| What you are asked to do |
Within the listing below, the lines to output run from the one containing "Boîte À Souvenirs" through the one containing "4 bedroom detached"; copy them exactly and nothing else.

| Provided information |
───
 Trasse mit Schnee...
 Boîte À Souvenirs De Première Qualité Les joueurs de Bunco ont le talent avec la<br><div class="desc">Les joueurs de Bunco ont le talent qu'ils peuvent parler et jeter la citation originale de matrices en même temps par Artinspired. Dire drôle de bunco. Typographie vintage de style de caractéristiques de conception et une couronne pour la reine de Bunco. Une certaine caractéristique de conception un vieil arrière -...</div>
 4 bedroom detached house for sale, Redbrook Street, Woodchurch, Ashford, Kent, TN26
───
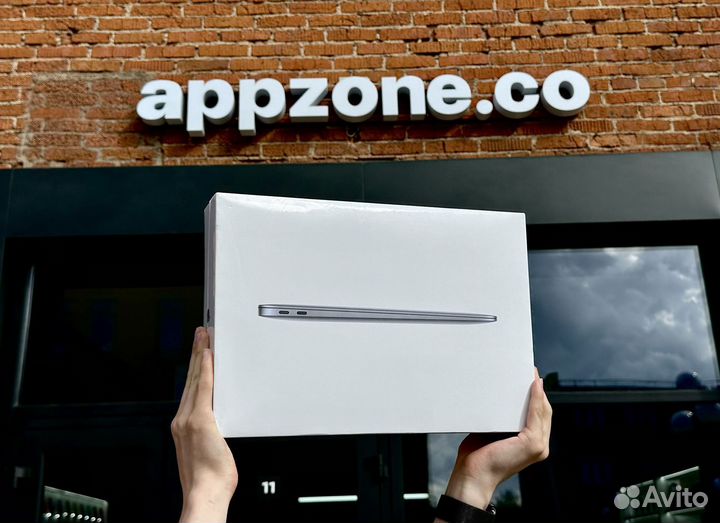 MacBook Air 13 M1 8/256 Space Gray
───
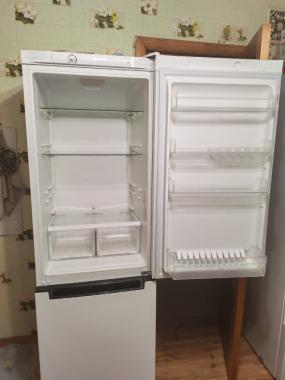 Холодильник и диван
───
| Result for this task |
 Boîte À Souvenirs De Première Qualité Les joueurs de Bunco ont le talent avec la<br><div class="desc">Les joueurs de Bunco ont le talent qu'ils peuvent parler et jeter la citation originale de matrices en même temps par Artinspired. Dire drôle de bunco. Typographie vintage de style de caractéristiques de conception et une couronne pour la reine de Bunco. Une certaine caractéristique de conception un vieil arrière -...</div>
 4 bedroom detached house for sale, Redbrook Street, Woodchurch, Ashford, Kent, TN26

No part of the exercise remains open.